二人が一緒にいる様子を見たのは数える程度だが、仲はとてもよさそうだと思う。

なるほどと頷いた俺の隣に彼女は綺麗な所作で腰かけた。縁側にはしとしとと降る雨の匂いが漂っている。今日は朝からずっと雨降りだ。借りている部屋からも少し遠いここにわざわざいるのは、水琴窟の音が届く場所だからだ。教えてくれたのは先輩だけれど。


「清仁はいないの?」
「お母さんに頼まれて、買い物に」
「ああ、そうなの。晴貴くんは、雨だから待ってろって言われた?」
驚いて隣を見る。お姉さんは楽しげな表情をしていた。
なぜ分かったのだろう。その通りだった。荷物を持つのを手伝うと言ったらそう返された。だから俺は大人しくここで待っているのだ。

「なんで分かったんですか?」
「晴貴くんは手伝うって言いそうだし、あの子の方は、晴貴くんのこと大事にしてるから。そういうやり取りになるだろうなぁって思った」
「―大事に」
「そうそう。もしかしてあんまり伝わってない?」
思わず言葉を繰り返してしまった。ゆかりさんは笑いながら問うて、俺の顔を覗き込む。顔立ち自体はキヨ先輩とは似ていない。けれど笑うとそっくりになるし、普通にしていてもどことなく似ているように感じるのは、やはり姉弟だからだろうか。
俺と陽慈の雰囲気が似ているというのも同じようなことなのかもしれない、と隅っこの方で考える。

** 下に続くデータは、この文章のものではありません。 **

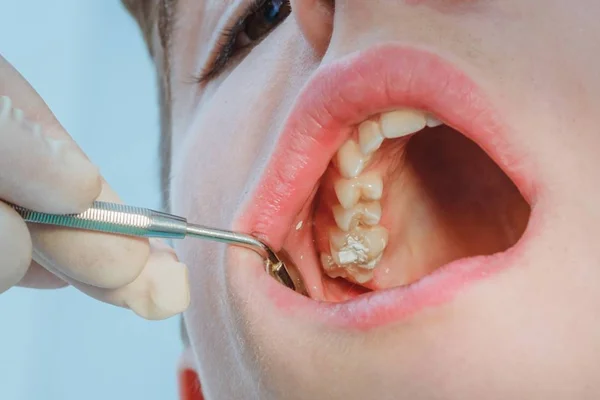 dental dentist boy patient medical care hygiene. oral.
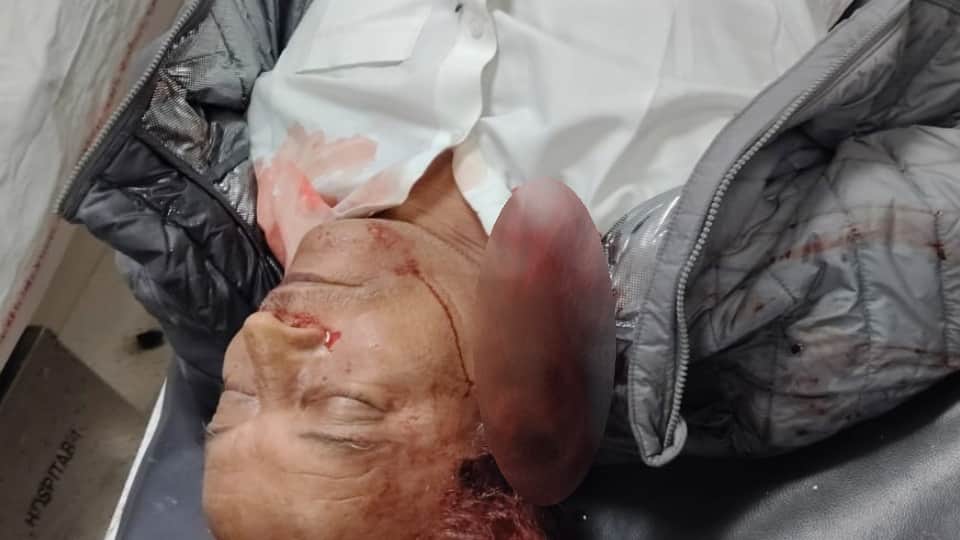 पीजीआई रोहतक में मृतक का शव।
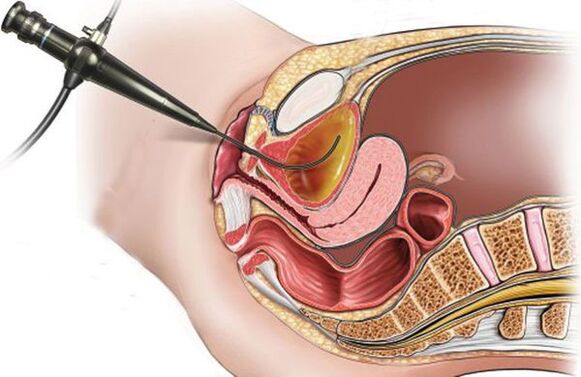 cystoskopia na cystitídu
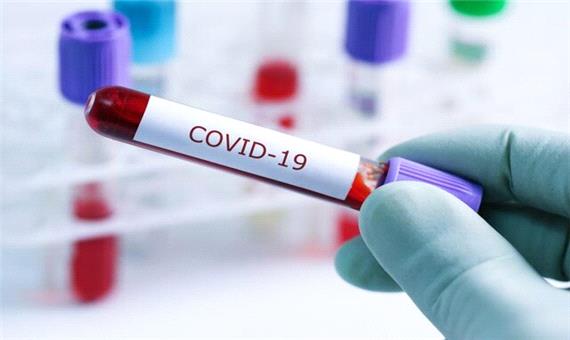 40 درصد مبتلایان به کووید-19 بی‌علامت هستند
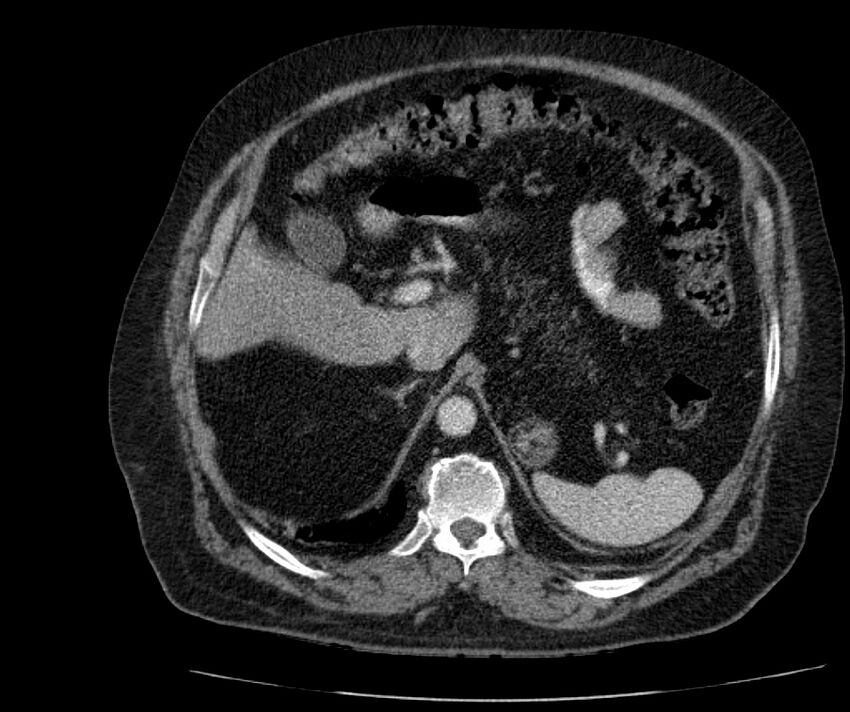 Nephroptosis with inguinal hernia containing perirenal fat (Radiopaedia 56632-63391 C 97).jpg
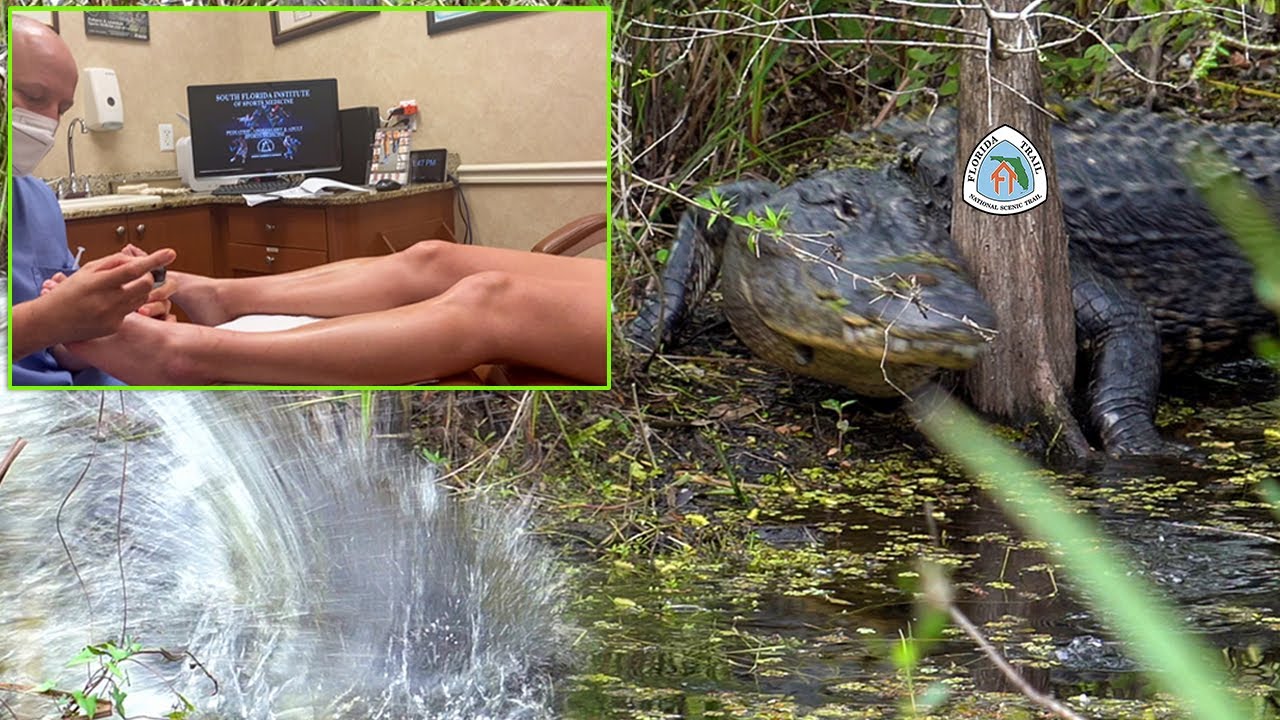 10 Alligators In A Day (plus More Toe Problems)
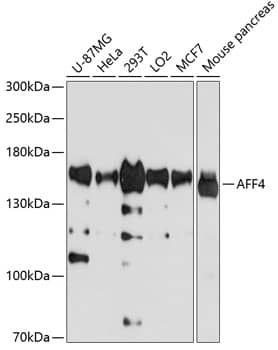 Western Blot: AFF4 Antibody [NBP3-38108] - Western blot analysis of various lysates using AFF4 Rabbit pAb at 1:1000 dilution.Secondary antibody: HRP-conjugated Goat anti-Rabbit IgG (H+L) at 1:10000 dilution.Lysates/proteins: 25ug per lane.Blocking buffer: 3% nonfat dry milk in TBST.Detection: ECL Basic Kit.Exposure time: 30s.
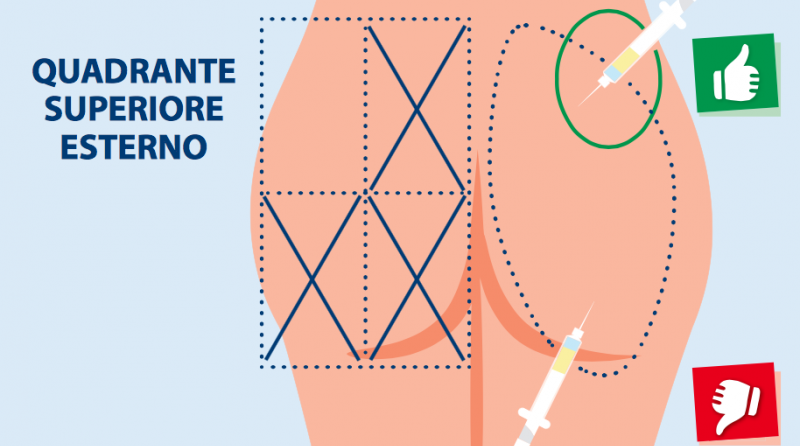Come fare correttamente una iniezione intramuscolare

「いえ。……、なんというか、うぬぼれじゃないかなとも、思ってたりするんですけど、可愛がってもらっているのは、分かってるつもりです。一応」
答えながらなんとなく恥ずかしくて、妙にとぎれとぎれの言葉になった。

風紀委員で彼と関わりのある後輩たちよりも更に、自分はキヨ先輩にとって近くて、親しみを感じてもらえていると思う。多分。あくまで、うぬぼれではなければ、だけど。

「なんだ、一応伝わってるならよかった。清仁はねぇ、優しい子なんだけどあの顔だから―あ、これは身内贔屓かもしれないけど、あいつ、結構綺麗な顔してるでしょ? まあそれでちょっと近寄りがたいイメージ持たれてるらしくって、年下の子と仲良くしてるところなんて見たことなかったから。晴貴くんが清仁と仲良くしてくれて嬉しいな、姉としては」
「キヨ先輩は、見た目だけじゃなくて中身も格好いいですから。近寄りがたいなんて思ってるのは、もったいないですよね」
弟を想っていることが伝わる声音にそう返して笑ってみせる。もったいないなんて、自分から彼に歩み寄ったわけでもない俺が言えたことではないかもしれないけれど。
あの時、中庭で先輩から話しかけられなかったら、俺は多分彼とはただの顔見知りのままだった。
整った外見で、少し丁寧な感じの忙しそうな風紀委員長。その程度の認識で終わっていた。それをもったいないなんて考えるはずもなかった。
だから、先輩が俺に話しかけてくれてよかったと今は思うし、読書が好きだという趣味が共通していたことも嬉しいと思う。

なんと表現すればいいのか分からないが、とにかく彼と仲良くなれてよかった。彼の内側を知ることができて、もったいないと思えるようになってよかった。

「晴貴くんって直球。私が照れちゃうわ」
彼女はそう言って笑ったが、俺は照れるようなことを言ったつもりはなかったのであまりピンとこなかった。